The answer is to be the lines below that lie between the line holding "un tavolo e" and the line holding "A modern kitchen", inclusive, transcribed exactly and free of pictures.

_TASK MATERIAL:_
● ● ● ●

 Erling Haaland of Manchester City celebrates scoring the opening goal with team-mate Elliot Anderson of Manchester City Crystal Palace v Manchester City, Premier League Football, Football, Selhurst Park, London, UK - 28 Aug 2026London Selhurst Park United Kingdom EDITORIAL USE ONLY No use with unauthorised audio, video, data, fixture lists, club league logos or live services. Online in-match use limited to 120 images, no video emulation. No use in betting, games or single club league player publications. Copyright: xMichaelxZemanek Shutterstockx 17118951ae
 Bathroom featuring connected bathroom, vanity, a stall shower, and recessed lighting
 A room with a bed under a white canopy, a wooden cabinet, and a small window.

● ● ● ●

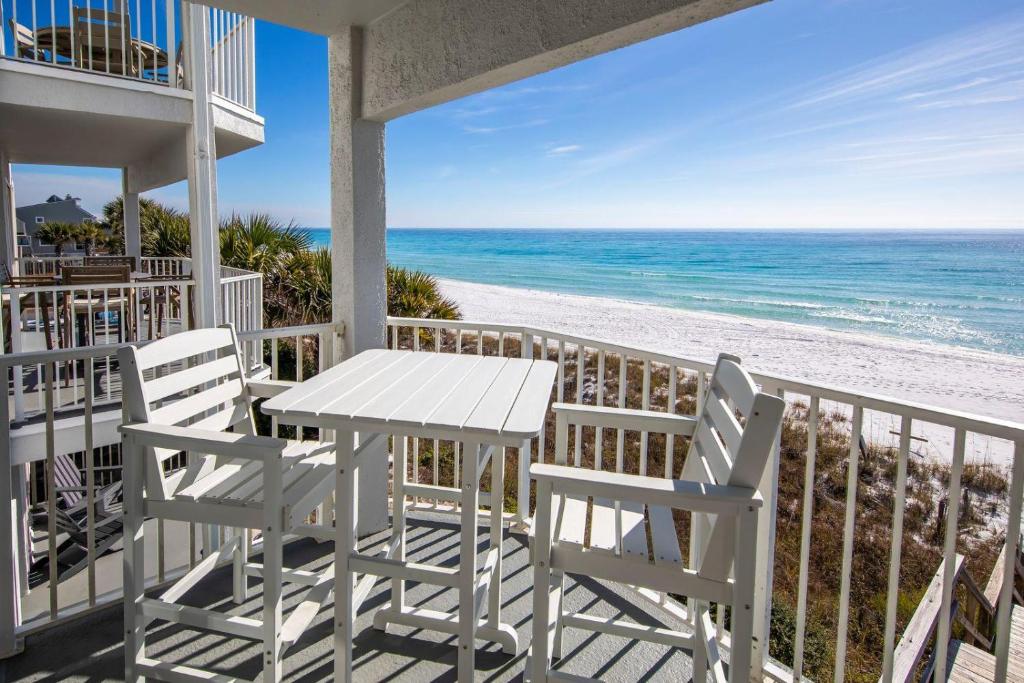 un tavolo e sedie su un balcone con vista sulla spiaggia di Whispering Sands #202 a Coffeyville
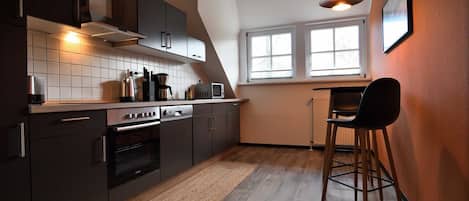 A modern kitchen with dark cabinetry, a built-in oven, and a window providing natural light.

● ● ● ●

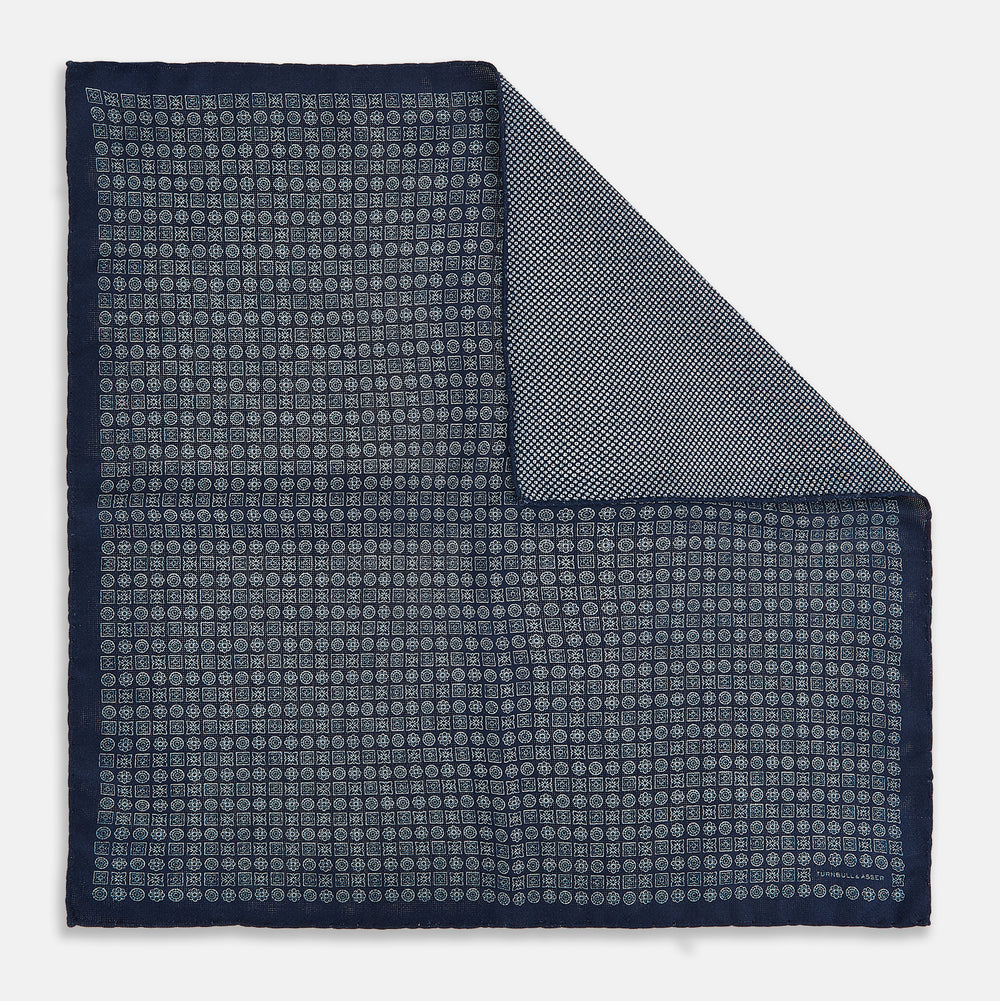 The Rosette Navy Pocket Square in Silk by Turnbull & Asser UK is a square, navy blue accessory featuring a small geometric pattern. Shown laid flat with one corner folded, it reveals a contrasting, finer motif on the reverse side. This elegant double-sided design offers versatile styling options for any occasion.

● ● ● ●

_SOLUTION:_
 un tavolo e sedie su un balcone con vista sulla spiaggia di Whispering Sands #202 a Coffeyville
 A modern kitchen with dark cabinetry, a built-in oven, and a window providing natural light.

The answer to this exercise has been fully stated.